**THE PROBLEM**
From the records below, copy out exactly the lines from the one containing "Lofthouse With Garden" to the one containing "Palisades Condominium - Residential", both included. Add nothing else.

**RECORDS PROVIDED**
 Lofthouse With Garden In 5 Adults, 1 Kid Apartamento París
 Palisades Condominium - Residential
==
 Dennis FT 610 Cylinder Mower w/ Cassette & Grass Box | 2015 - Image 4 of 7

**YOUR SOLUTION**
 Lofthouse With Garden In 5 Adults, 1 Kid Apartamento París
 Palisades Condominium - Residential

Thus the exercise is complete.